■ **Exercise objective**: Below is a listing; write it out exactly and drop any images from it.

■ **Source material**:
◆ ◆ ◆ ◆ ◆ ◆ ◆

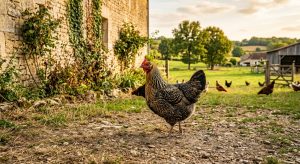 poule pictave hero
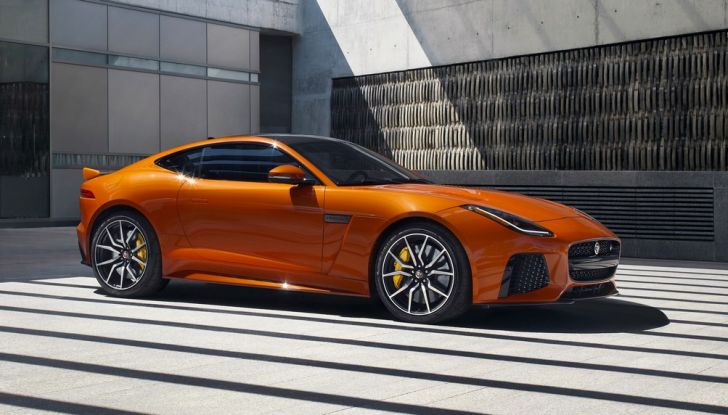 Le 5 auto GT più grintose del mercato - Foto 7 di 19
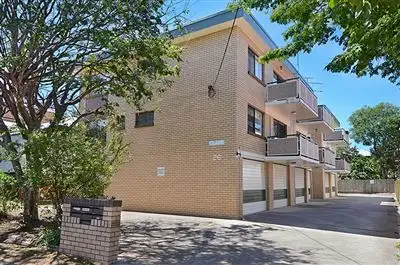 Main view of Homely unit listing, 1/26 Dobson Street, Ascot QLD 4007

◆ ◆ ◆ ◆ ◆ ◆ ◆

■ **Response box**:
 poule pictave hero
 Le 5 auto GT più grintose del mercato - Foto 7 di 19
 Main view of Homely unit listing, 1/26 Dobson Street, Ascot QLD 4007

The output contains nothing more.